The upper chamber last month approved a package including funding for the departments of Veterans Affairs, Transportation and Housing and Urban Development with 89 votes. It also passed its own energy and water bill with 90 votes. The Senate Appropriations Committee has approved nine of the 12 appropriations measures required each year, all with unanimous support.
After approving homeland security funding last week, Sen. John Hoeven, R-N.D., who chairs the subcommittee for that bill, praised the “joint efforts” of both parties to move the legislation forward.
“We incorporated submissions from 90 senators on both sides of the aisle on nearly every facet of the department’s operations,” Hoeven said, “and now I believe we have good, bipartisan legislation for the American people.”
Chris Gallegos, a spokesman for Appropriations Committee Chairman Thad Cochran, R-Miss., said this year’s progress follows the work the committee did last year in passing all 12 spending bills individually. A commitment from Senate leadership to debate each fiscal 2017 bill on the floor has helped advance the measures, he added.
“The Appropriations Committee embarked on an accelerated schedule to review the budget, hold oversight hearings and write bills,” Gallegos said. “The chairman is pleased with committee and Senate progress on FY2017 bills, and will continue to work toward finding the best ways to get these bills to the president.”
The House has only approved the VA spending bill, while the chamber's Appropriations Committee has approved seven measures. While many of those won unanimous support by voice vote, Democrats made clear they would not support the bills on the floor without some changes.
“We cannot support this bill given the ideological riders currently included in the committee product,” the committee’s ranking member, Rep. Nita Lowey, D-N.Y., and Rep. Marcy Kaptur, D-Ohio, wrote in the report on the initial energy and water bill, though they did not stand in the way of its passage.
On the agriculture bill, which the committee approved in April, Democrats were even more direct in their opposition.
“The bill has too many provisions that would harm the health and safety of Americans by underfunding our food safety regulators and failing to adequately address nutrition and farm worker protections,” Rep. Rosa DeLauro, D-Conn., wrote in the report on that bill. Democrats did not lend their support to that measure.

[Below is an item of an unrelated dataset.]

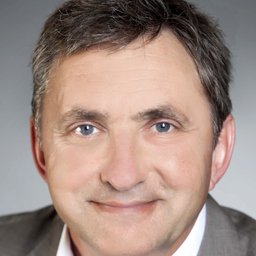 Dr. Karsten Behrend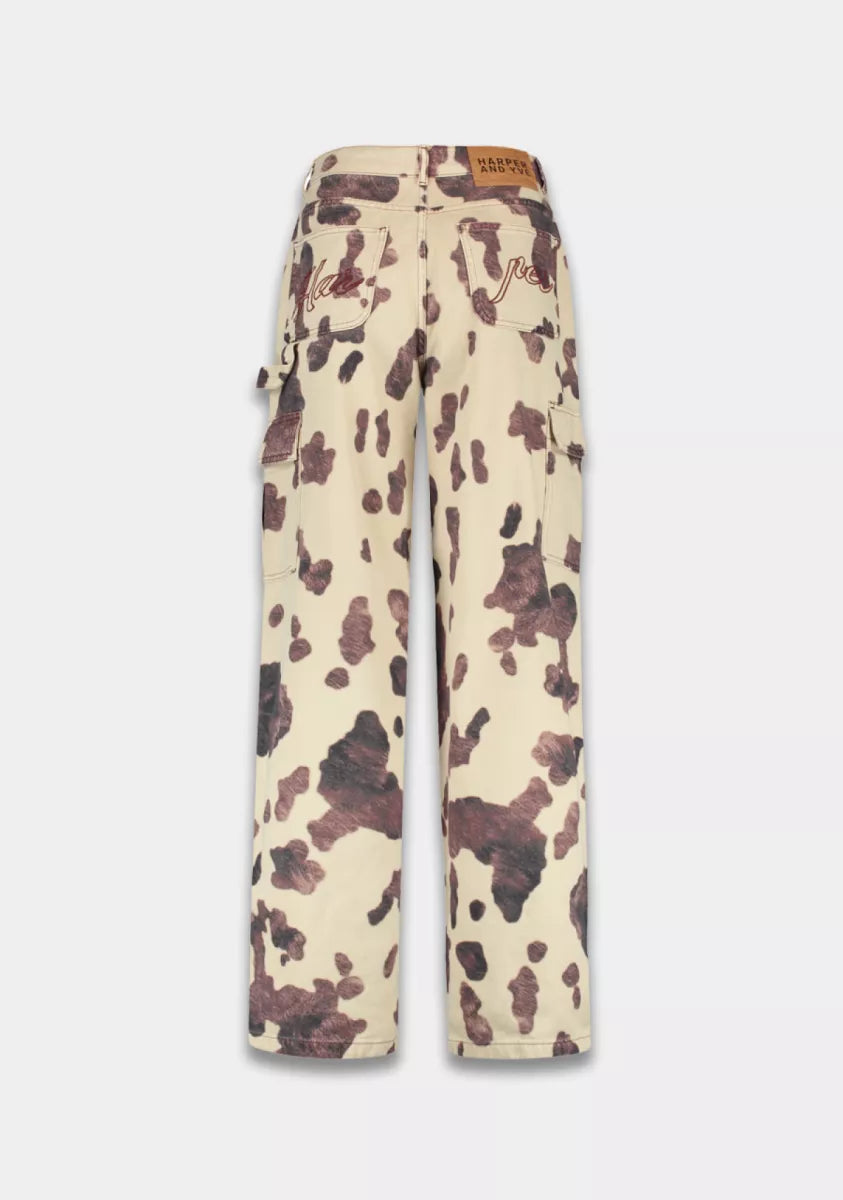 HARPER & YVE Dana Pant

Matt Dennis, a spokesman for Lowey, predicted Republicans would ultimately need Democratic support to stave off a continuing resolution or funding lapse. To account for defectors in their own party Republicans have relied on the minority to avoid a shutdown for each of the last several years.
“If Republicans want to pass any appropriations laws,” Dennis said, “they will need Democrats to support to that.”
He added: “When we get to the end game, any riders they end up pushing through the House…are going to have to disappear.”
For the time being, however, he does not expect the ideological fight to subside. The generally non-controversial legislative branch funding measure, which the committee approved unanimously in May and the full House will consider next, is also primed for a fight, this time over semantics. A provision of the bill would change the search term “illegal alien” in the Library of Congress to a less divisive phrase, but the two parties are at odds over the alteration.
It is now unclear how the House will proceed, but both chambers must pass spending bills and get them to President Obama's desk by Sept. 30 to avoid a stopgap measure or shutdown.
For now, the Senate will continue to focus on its own legislation.
“Cochran is careful not to advise the House how to do its work,” a Senate Appropriations Committee aide said. “His view is to let each house of Congress work its will and then get together to work things out.”